### Goal of the exercise
Keep the wording of every entry exactly as it is while leaving the pictures out of your copy.
+ + +
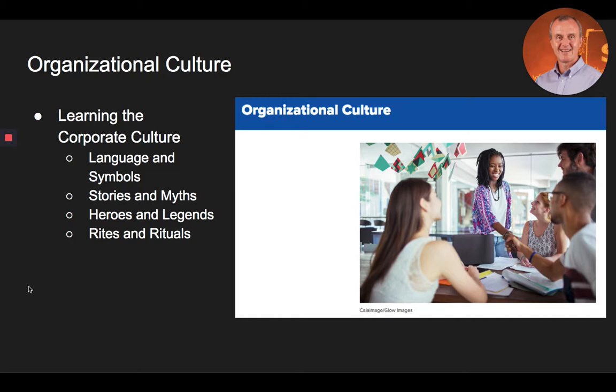In summary on organizational culture: organizational culture is the set of values, norms, attitudes, and beliefs shared by members of the organization that contribute to its unique environment. Culture is the unwritten, informal component of the organization that many people use as a guideline for determining acceptable behaviors, and it must be transmitted to new members. Employees can learn an organization's culture through language and symbols, stories and myths, heroes and legends, and rites and rituals.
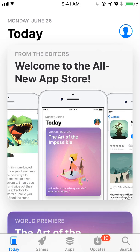Hey folks, welcome to another App Store optimization session with Incipia. Today's topic is going to be taking you through the iOS 11 changes to the App Store, and most specifically, those that affect ASO.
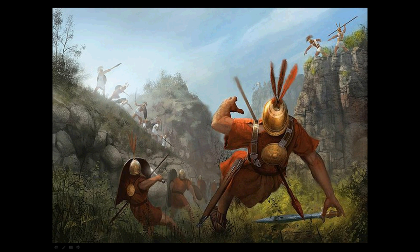Each citizen legion, numbering 4,500 to 5,000 men, was twinned with a similar-sized legion drawn from Rome's Italian allies. The whole force was commanded by a consul, an elected politician. Perhaps surprisingly, many of these amateurs were excellent commanders.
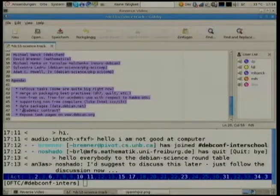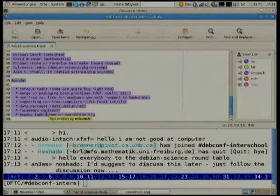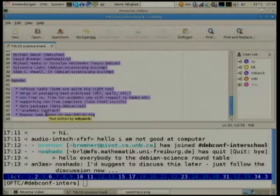Debian Science round table. The agenda includes topics that came up in other talks, like data packages. Another item is exposing the task packages on debian.org more, as mentioned in a previous talk.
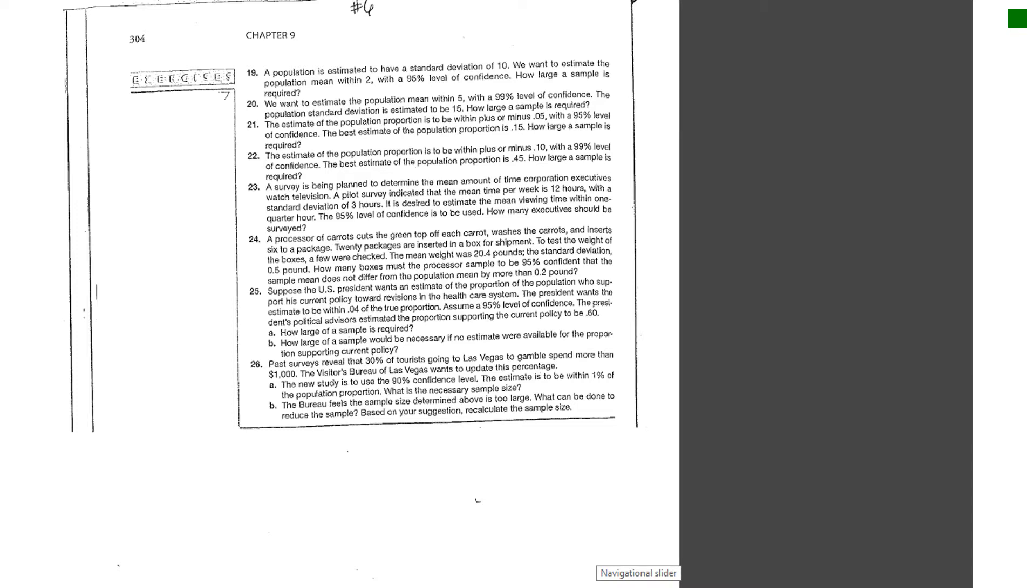Now the last thing they do show you in this chapter is the concept of how to determine a sample size based on a confidence level.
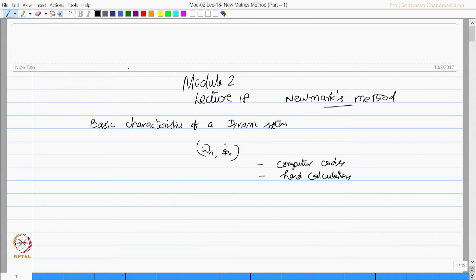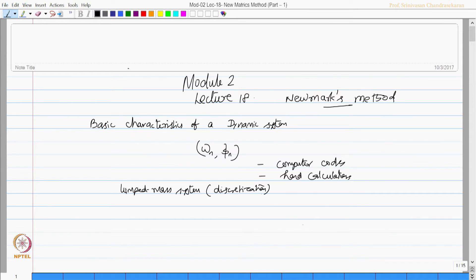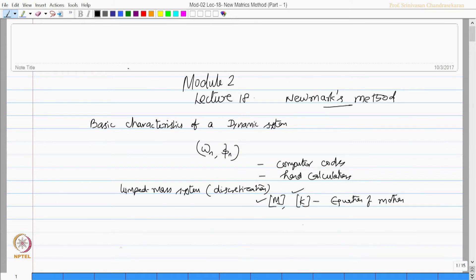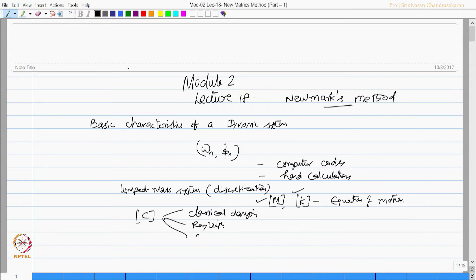Further, for a lumped mass system, or with the discretization principle, we know how to obtain the mass matrix and, from the equation of motion, how to get the stiffness matrix. Once we know the mass and stiffness matrices, we can always estimate the damping matrix by classical damping, by Rayleigh damping, and by Caughey damping.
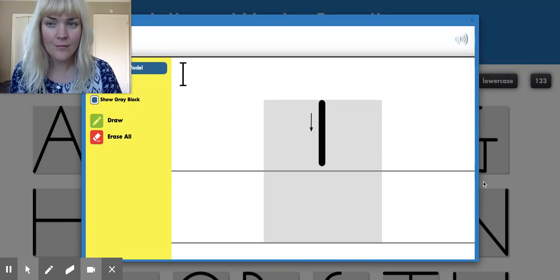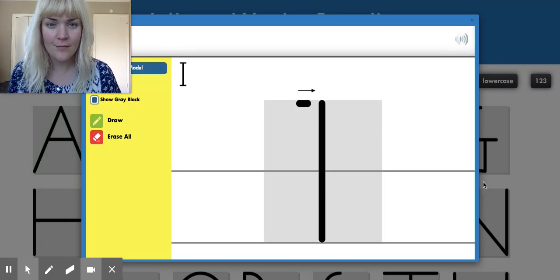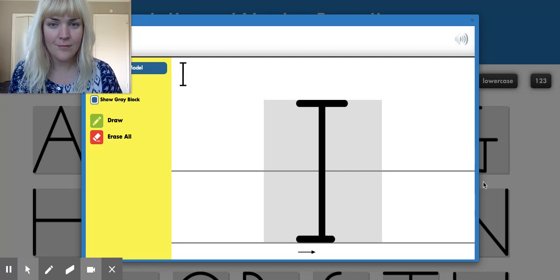Big line down, little line across the top, little line across the bottom.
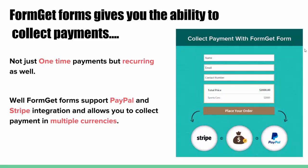Create a payment form, share the form link among your crowd, and start collecting payments. Who thought that forms could be so powerful? FormGet forms support PayPal and Stripe integration and allows you to collect payment in multiple currencies.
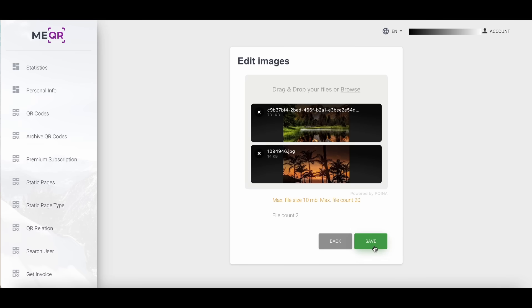You can add 20 pictures inside of QR code. Save changes and use your QR code.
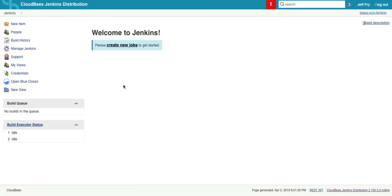And there you go. You have your own CloudBees Jenkins Distribution all ready for your first pipelines. Thanks for watching.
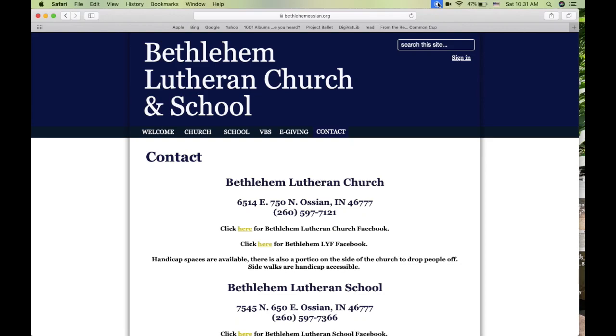This video is intended to be a tutorial to help people through the process of setting up e-giving through the Bethlehem Lutheran Church website.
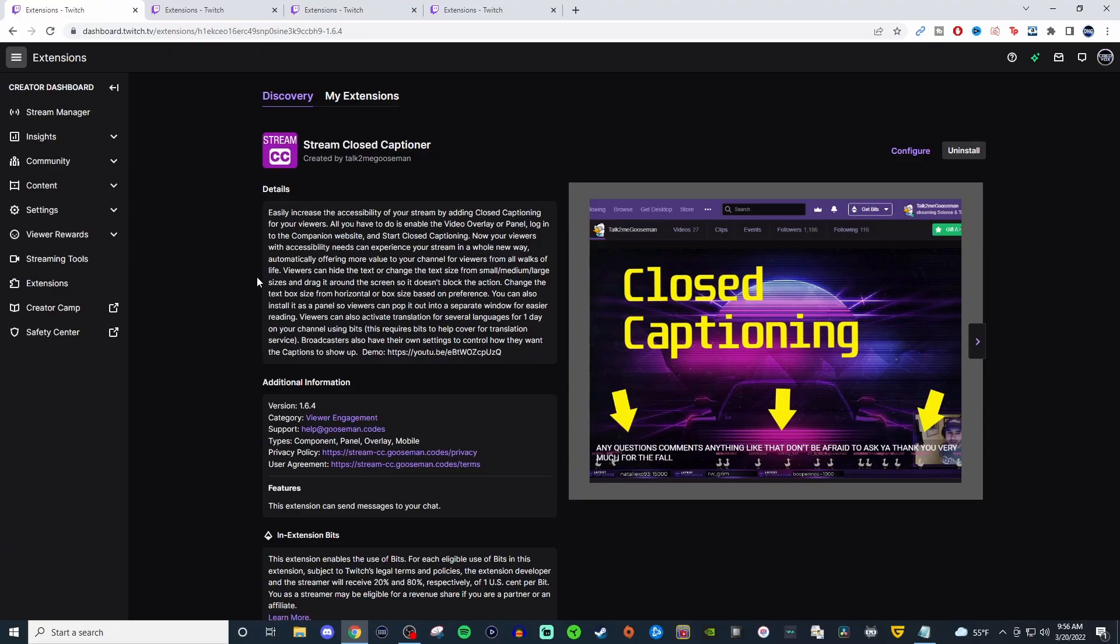Alright, so the first one on the list is the stream closed captioner. This is a really good one to have. There are many different variations of closed captioning that you can do, whether it's through the extensions here on Twitch or some that are on different websites, and you can just pick and choose whichever one's going to be good for you.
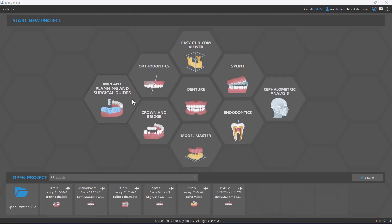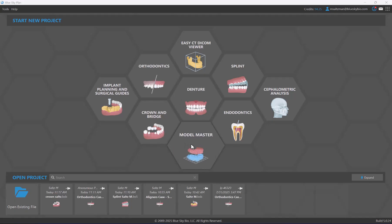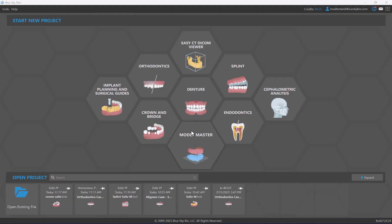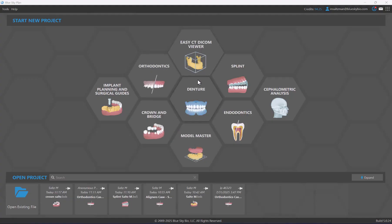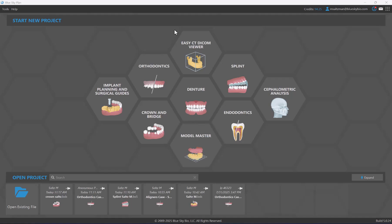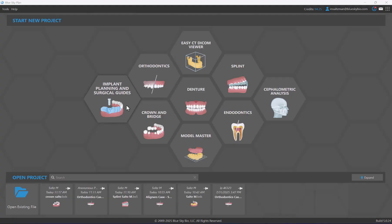Some of the features are clear and obvious, but we also have a lot of powerful functionality that may be less apparent that we've built into these introductory screens as well. There are three main introductory screens — we're looking at the first one now, which allows us to start a new project or to open a project.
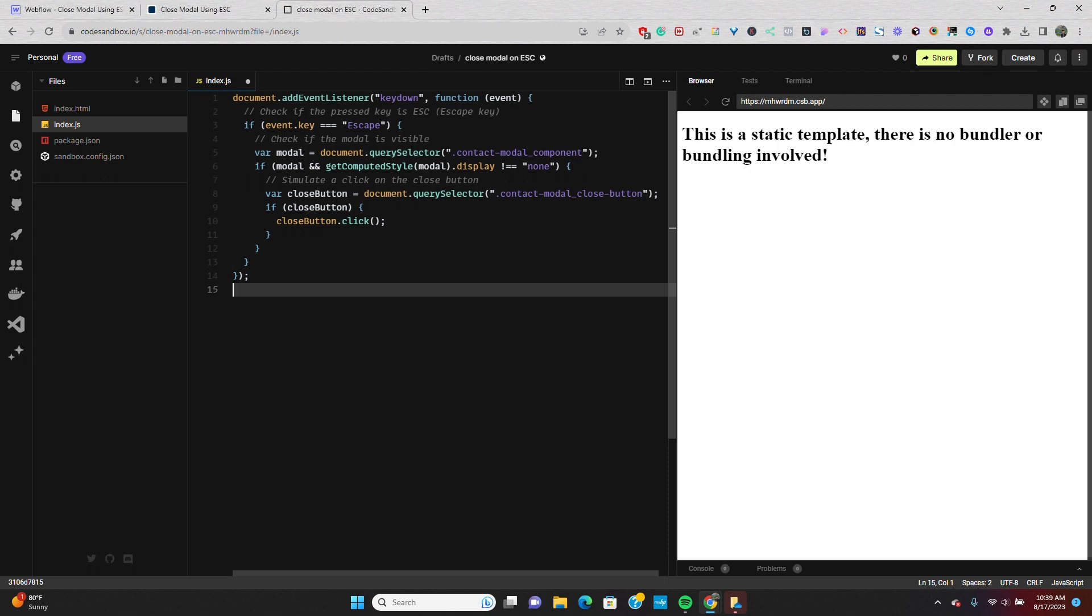Finally, if the modal is visible, we'll find the close button with the class contact-modal underscore close button using the query selector method. If that close button exists, which it does, we'll simulate a click on it to close the modal.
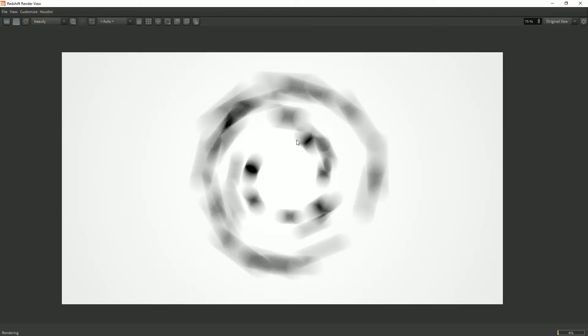And this is because by default Redshift is going to use your velocity when calculating motion blur and not try to figure out the actual in-between spots.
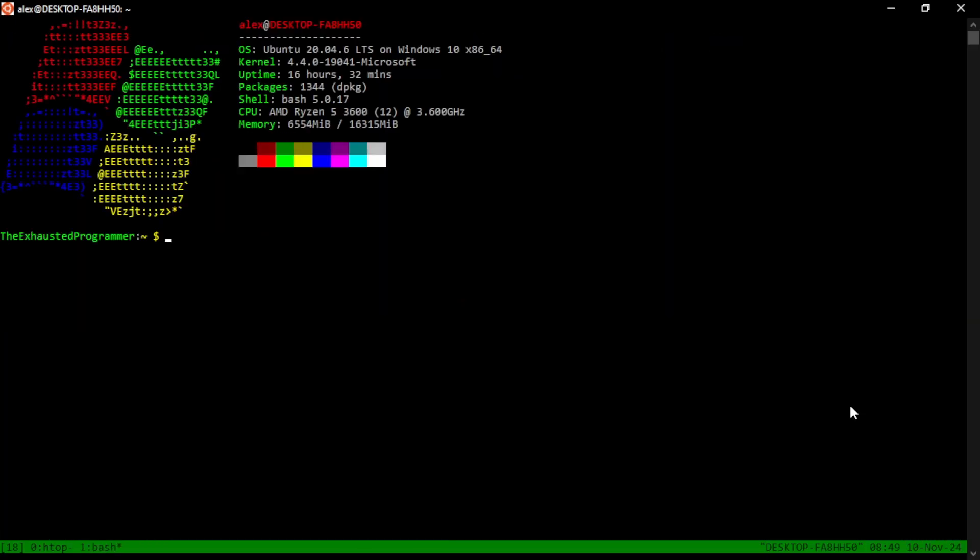Now we have a new window. If you look at the bottom, it tries to figure out what program you're running to give it the name. You can rename these, in this case, a comma, and I can call this second for the second window.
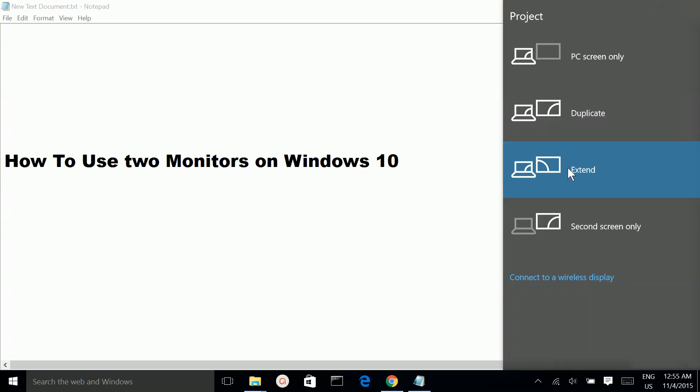That's the use of extend. If you select the duplicate option, your two monitors will contain the same desktop, the same application. Two monitors will share one display.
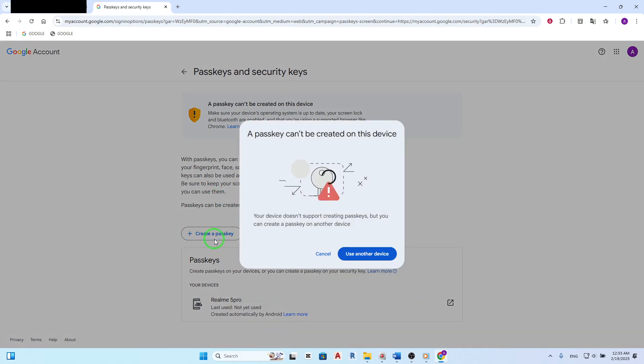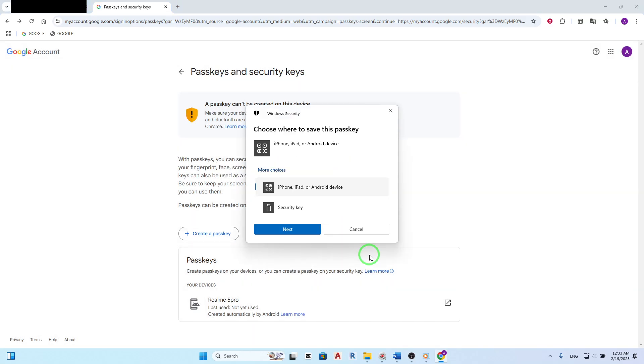From here, simply follow the on-screen instructions to proceed. These instructions will guide you through the process of setting up a new Pass Key, which can act as a security code for your Gmail account. It's important to note that the exact steps might vary slightly depending on updates to Gmail's interface, but the general process remains the same.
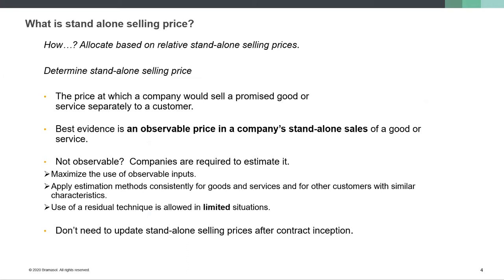At a high level, the standalone selling price is very simple. It's the price at which a company would sell a promised good or service separately to a customer. The key word is "separately," because in bundling — especially in the accounting world — a customer may buy a number of items for one price. As accountants, we have to figure out: if we unbundled those goods or services, what would we pay for that service or good separately?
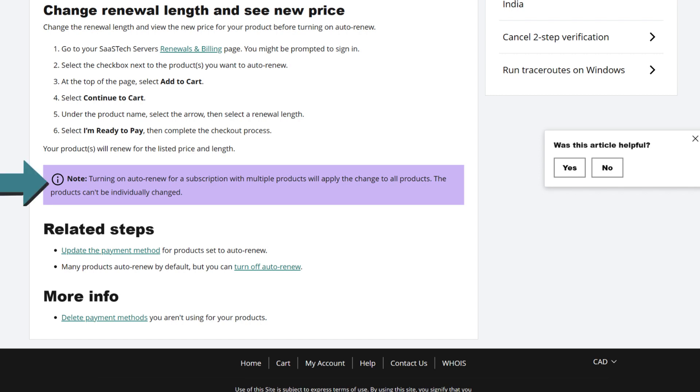Note, turning on auto renew for a subscription with multiple products will apply the change to all products. The products can't be individually changed.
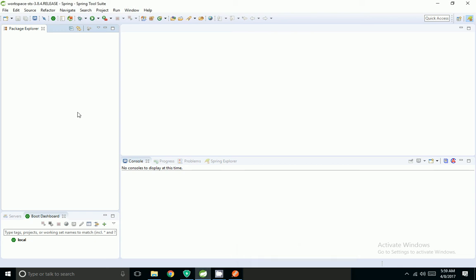Hi friends, today I am going to show how to create a Spring Cloud Config Server. Spring Cloud Config is a microservice for creating properties. Using Spring Cloud Config, we can externalize all our properties into a distributed environment. In the client application we can use @Value and ${property} the same way we use properties inside our resource folder.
+ + +
### Response below
In summary on organizational culture: organizational culture is the set of values, norms, attitudes, and beliefs shared by members of the organization that contribute to its unique environment. Culture is the unwritten, informal component of the organization that many people use as a guideline for determining acceptable behaviors, and it must be transmitted to new members. Employees can learn an organization's culture through language and symbols, stories and myths, heroes and legends, and rites and rituals.
Hey folks, welcome to another App Store optimization session with Incipia. Today's topic is going to be taking you through the iOS 11 changes to the App Store, and most specifically, those that affect ASO.
Each citizen legion, numbering 4,500 to 5,000 men, was twinned with a similar-sized legion drawn from Rome's Italian allies. The whole force was commanded by a consul, an elected politician. Perhaps surprisingly, many of these amateurs were excellent commanders.
Debian Science round table. The agenda includes topics that came up in other talks, like data packages. Another item is exposing the task packages on debian.org more, as mentioned in a previous talk.
Now the last thing they do show you in this chapter is the concept of how to determine a sample size based on a confidence level.
Further, for a lumped mass system, or with the discretization principle, we know how to obtain the mass matrix and, from the equation of motion, how to get the stiffness matrix. Once we know the mass and stiffness matrices, we can always estimate the damping matrix by classical damping, by Rayleigh damping, and by Caughey damping.
Big line down, little line across the top, little line across the bottom.
Create a payment form, share the form link among your crowd, and start collecting payments. Who thought that forms could be so powerful? FormGet forms support PayPal and Stripe integration and allows you to collect payment in multiple currencies.
You can add 20 pictures inside of QR code. Save changes and use your QR code.
And there you go. You have your own CloudBees Jenkins Distribution all ready for your first pipelines. Thanks for watching.
This video is intended to be a tutorial to help people through the process of setting up e-giving through the Bethlehem Lutheran Church website.
Alright, so the first one on the list is the stream closed captioner. This is a really good one to have. There are many different variations of closed captioning that you can do, whether it's through the extensions here on Twitch or some that are on different websites, and you can just pick and choose whichever one's going to be good for you.
Some of the features are clear and obvious, but we also have a lot of powerful functionality that may be less apparent that we've built into these introductory screens as well. There are three main introductory screens — we're looking at the first one now, which allows us to start a new project or to open a project.
Finally, if the modal is visible, we'll find the close button with the class contact-modal underscore close button using the query selector method. If that close button exists, which it does, we'll simulate a click on it to close the modal.
And this is because by default Redshift is going to use your velocity when calculating motion blur and not try to figure out the actual in-between spots.
Now we have a new window. If you look at the bottom, it tries to figure out what program you're running to give it the name. You can rename these, in this case, a comma, and I can call this second for the second window.
That's the use of extend. If you select the duplicate option, your two monitors will contain the same desktop, the same application. Two monitors will share one display.
From here, simply follow the on-screen instructions to proceed. These instructions will guide you through the process of setting up a new Pass Key, which can act as a security code for your Gmail account. It's important to note that the exact steps might vary slightly depending on updates to Gmail's interface, but the general process remains the same.
At a high level, the standalone selling price is very simple. It's the price at which a company would sell a promised good or service separately to a customer. The key word is "separately," because in bundling — especially in the accounting world — a customer may buy a number of items for one price. As accountants, we have to figure out: if we unbundled those goods or services, what would we pay for that service or good separately?
Note, turning on auto renew for a subscription with multiple products will apply the change to all products. The products can't be individually changed.
Hi friends, today I am going to show how to create a Spring Cloud Config Server. Spring Cloud Config is a microservice for creating properties. Using Spring Cloud Config, we can externalize all our properties into a distributed environment. In the client application we can use @Value and ${property} the same way we use properties inside our resource folder.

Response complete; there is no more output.